PROBLEM STATEMENT
Everything in the listing below should be repeated verbatim, apart from the pictures.

PROVIDED DATA
# # # #

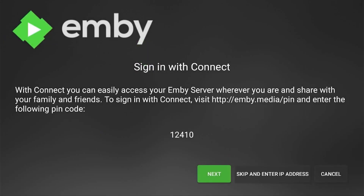The next step requires us to hop back on the phone. On the TV screen, it tells you to sign in with Connect. Your agent is going to add you to the server — this is how you connect. You'll see in the middle of the screen it says 'HTTP://mb.media/pin.'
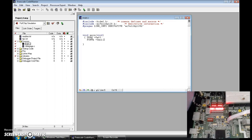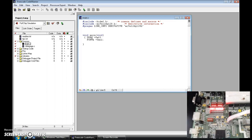CC in hexadecimal is 1100 1100. So since we have 8 LEDs, the first two are going to be on, the second two off, the third two on, then the last two off. We're going to have that, and you can actually see it change when I run it.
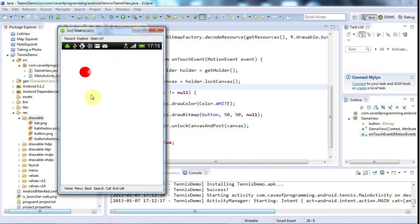One way we could try to deal with this problem is in the activity we could override the onPause and onResume events because onPause is called whenever the application is going into the background for some reason, either because it's being literally just going into the background or because it's being destroyed. And onResume is always called when the application starts, whether it's starting for the first time or it's just being brought back into the foreground again.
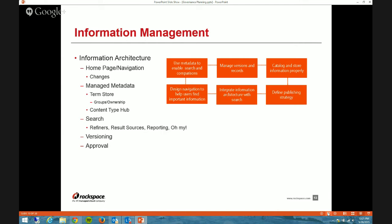Managed metadata — make sure you identify what groups are going to be in the term store and who will own those groups. As I mentioned, I typically go with an HR group, an IT group, a finance group — basically a group for every business unit or department that makes sense, because not every department may need their own terms. Assign ownership so that it doesn't always have to come back through IT.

# # # #

YOUR RESPONSE
The next step requires us to hop back on the phone. On the TV screen, it tells you to sign in with Connect. Your agent is going to add you to the server — this is how you connect. You'll see in the middle of the screen it says 'HTTP://mb.media/pin.'
CC in hexadecimal is 1100 1100. So since we have 8 LEDs, the first two are going to be on, the second two off, the third two on, then the last two off. We're going to have that, and you can actually see it change when I run it.
One way we could try to deal with this problem is in the activity we could override the onPause and onResume events because onPause is called whenever the application is going into the background for some reason, either because it's being literally just going into the background or because it's being destroyed. And onResume is always called when the application starts, whether it's starting for the first time or it's just being brought back into the foreground again.
Managed metadata — make sure you identify what groups are going to be in the term store and who will own those groups. As I mentioned, I typically go with an HR group, an IT group, a finance group — basically a group for every business unit or department that makes sense, because not every department may need their own terms. Assign ownership so that it doesn't always have to come back through IT.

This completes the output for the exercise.